_PROBLEM DESCRIPTION_
An exact transcription is needed of the lines below from the one with "Capa de vampiro" through the one with "interior space featuring ceiling fan", with no other lines and no pictures.

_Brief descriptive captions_
----

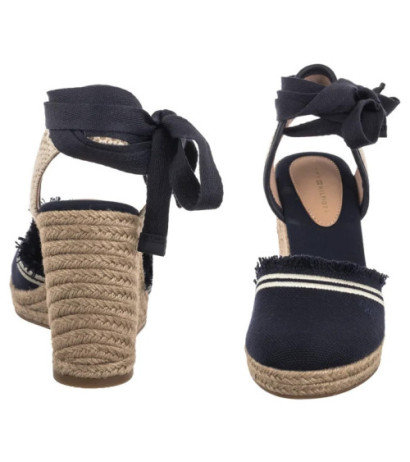 Tommy Hilfiger Fringe Canvas High Wedge Space Blue FW0FW08878 DW6 (TH1358-a) batai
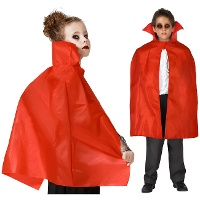Capa de vampiro infantil de 70 cm com gola alta vermelha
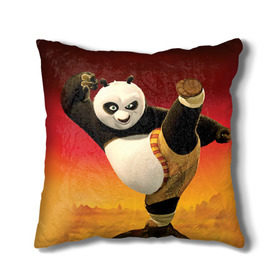 Подушка 3D с принтом Кунг фу панда в Кировске, наволочка – 100% полиэстер, наполнитель – холлофайбер (легкий наполнитель, не вызывает аллергию). | состоит из подушки и наволочки. Наволочка на молнии, легко снимается для стирки | Тематика изображения на принте: kung fu | kung fu panda | panda | кунг фу | кунг фу панда | кунгфу | панда. кунг фу | по
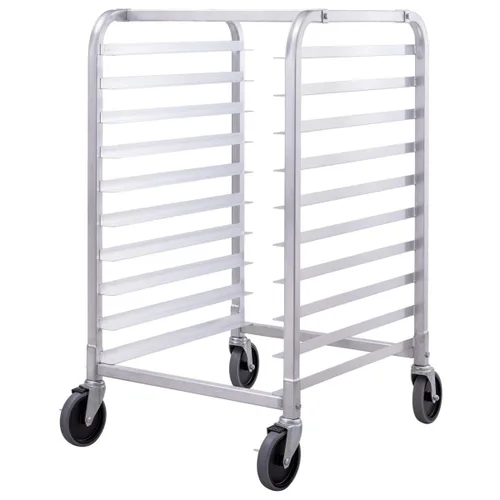 Miniatura 4 de Giantex Estante de aluminio para panadería de 10 niveles, bandeja para bollos de cocina comercial, carrito móvil para panaderos con estantes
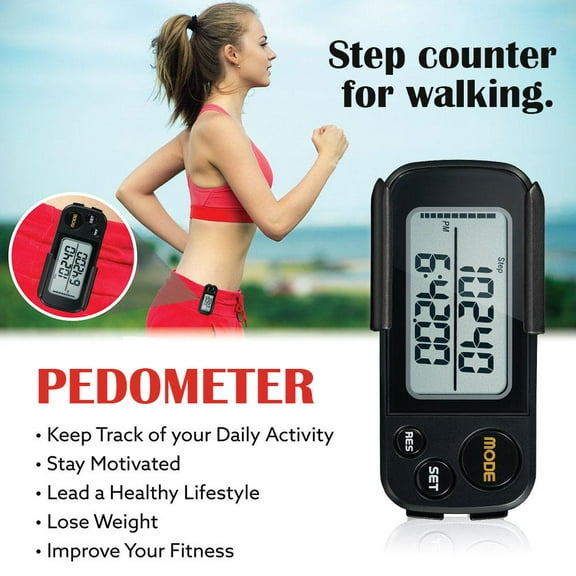 Pedometer for walking, 3D Pedometer with Clip and Strap, 30 Days Memory, Accurate Step Counter, Walking Distance Miles/Km, Calorie Counter, Daily Target Monitor, Exercise Time.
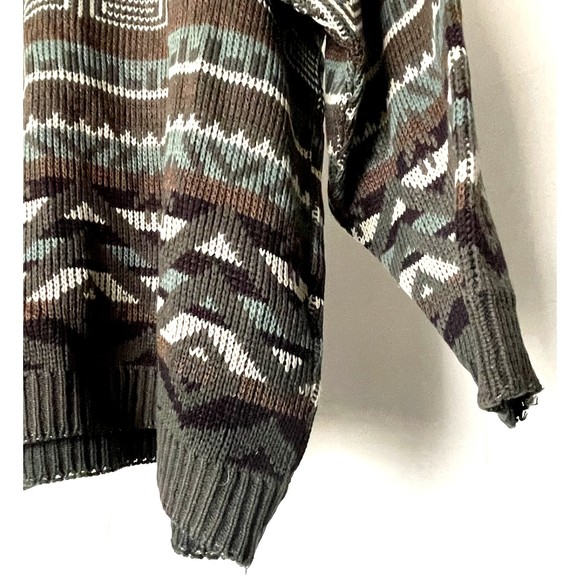 Vintage Tip Top Tailors Brown Teal Long Sleeve Aztec Fair Isle Men's Sweater M - Picture 8 of 10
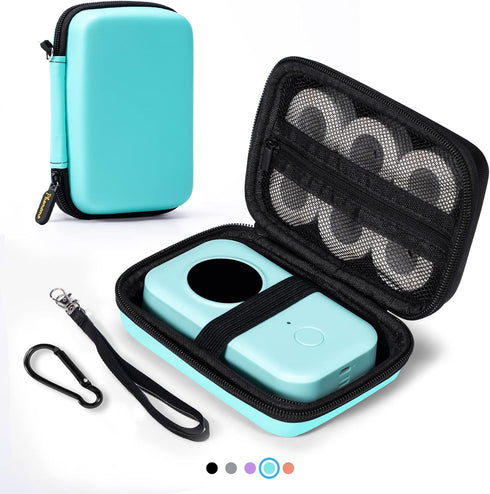 Memoking T02 Hard Storage Case - Compatible with Phomemo D30, SUPVAN E10, NIIMBOT D11, JADENS D110 and More, with Zipper Mesh Pocket, Waterproof S...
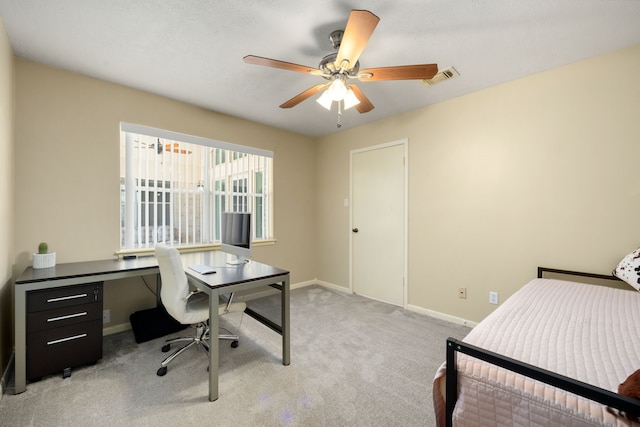 interior space featuring ceiling fan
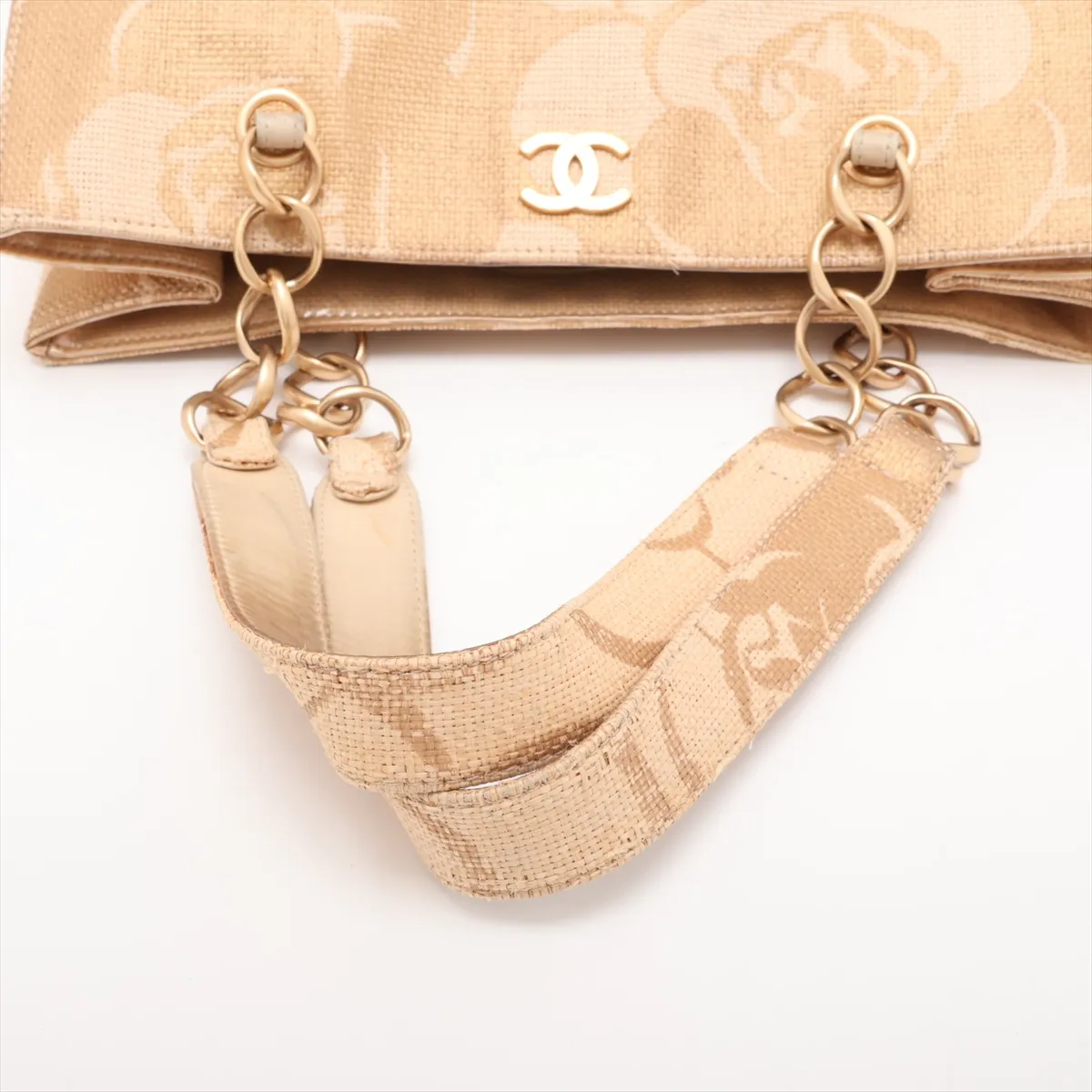 Camellia Straw x Vinyl Chain Shoulder Bag, Coco Mark, Beige, Gold Hardware, 8896250, Series 8 — view 5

----

_YOUR SOLUTION_
Capa de vampiro infantil de 70 cm com gola alta vermelha
 Подушка 3D с принтом Кунг фу панда в Кировске, наволочка – 100% полиэстер, наполнитель – холлофайбер (легкий наполнитель, не вызывает аллергию). | состоит из подушки и наволочки. Наволочка на молнии, легко снимается для стирки | Тематика изображения на принте: kung fu | kung fu panda | panda | кунг фу | кунг фу панда | кунгфу | панда. кунг фу | по
 Miniatura 4 de Giantex Estante de aluminio para panadería de 10 niveles, bandeja para bollos de cocina comercial, carrito móvil para panaderos con estantes
 Pedometer for walking, 3D Pedometer with Clip and Strap, 30 Days Memory, Accurate Step Counter, Walking Distance Miles/Km, Calorie Counter, Daily Target Monitor, Exercise Time.
 Vintage Tip Top Tailors Brown Teal Long Sleeve Aztec Fair Isle Men's Sweater M - Picture 8 of 10
 Memoking T02 Hard Storage Case - Compatible with Phomemo D30, SUPVAN E10, NIIMBOT D11, JADENS D110 and More, with Zipper Mesh Pocket, Waterproof S...
 interior space featuring ceiling fan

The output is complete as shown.